## [Information given]
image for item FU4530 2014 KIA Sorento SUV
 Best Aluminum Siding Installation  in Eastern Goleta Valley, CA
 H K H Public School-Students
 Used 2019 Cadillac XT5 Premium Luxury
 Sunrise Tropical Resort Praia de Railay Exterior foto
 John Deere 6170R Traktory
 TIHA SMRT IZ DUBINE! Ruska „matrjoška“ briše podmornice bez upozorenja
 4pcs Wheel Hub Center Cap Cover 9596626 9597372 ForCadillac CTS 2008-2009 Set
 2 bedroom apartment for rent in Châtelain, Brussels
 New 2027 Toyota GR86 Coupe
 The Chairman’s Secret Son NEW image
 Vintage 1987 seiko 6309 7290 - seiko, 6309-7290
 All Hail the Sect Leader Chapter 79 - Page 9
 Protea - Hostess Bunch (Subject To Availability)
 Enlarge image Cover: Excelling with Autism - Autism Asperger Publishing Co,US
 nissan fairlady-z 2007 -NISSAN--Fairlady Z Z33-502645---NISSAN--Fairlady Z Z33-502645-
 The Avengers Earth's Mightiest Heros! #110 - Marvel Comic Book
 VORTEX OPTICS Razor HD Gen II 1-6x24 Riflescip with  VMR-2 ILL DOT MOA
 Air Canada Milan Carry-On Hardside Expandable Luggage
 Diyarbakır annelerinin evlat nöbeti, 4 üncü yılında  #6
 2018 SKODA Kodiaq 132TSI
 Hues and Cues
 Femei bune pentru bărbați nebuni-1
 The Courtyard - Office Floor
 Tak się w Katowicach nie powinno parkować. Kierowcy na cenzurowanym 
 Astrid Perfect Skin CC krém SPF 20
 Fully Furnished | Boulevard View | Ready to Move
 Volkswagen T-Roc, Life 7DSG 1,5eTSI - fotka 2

## [Task directions]
Exactly the lines from the one containing "Enlarge image Cover: Excelling" through the last line of the records are to be transcribed, both endpoints included.

## [Written answer]
 Enlarge image Cover: Excelling with Autism - Autism Asperger Publishing Co,US
 nissan fairlady-z 2007 -NISSAN--Fairlady Z Z33-502645---NISSAN--Fairlady Z Z33-502645-
 The Avengers Earth's Mightiest Heros! #110 - Marvel Comic Book
 VORTEX OPTICS Razor HD Gen II 1-6x24 Riflescip with  VMR-2 ILL DOT MOA
 Air Canada Milan Carry-On Hardside Expandable Luggage
 Diyarbakır annelerinin evlat nöbeti, 4 üncü yılında  #6
 2018 SKODA Kodiaq 132TSI
 Hues and Cues
 Femei bune pentru bărbați nebuni-1
 The Courtyard - Office Floor
 Tak się w Katowicach nie powinno parkować. Kierowcy na cenzurowanym 
 Astrid Perfect Skin CC krém SPF 20
 Fully Furnished | Boulevard View | Ready to Move
 Volkswagen T-Roc, Life 7DSG 1,5eTSI - fotka 2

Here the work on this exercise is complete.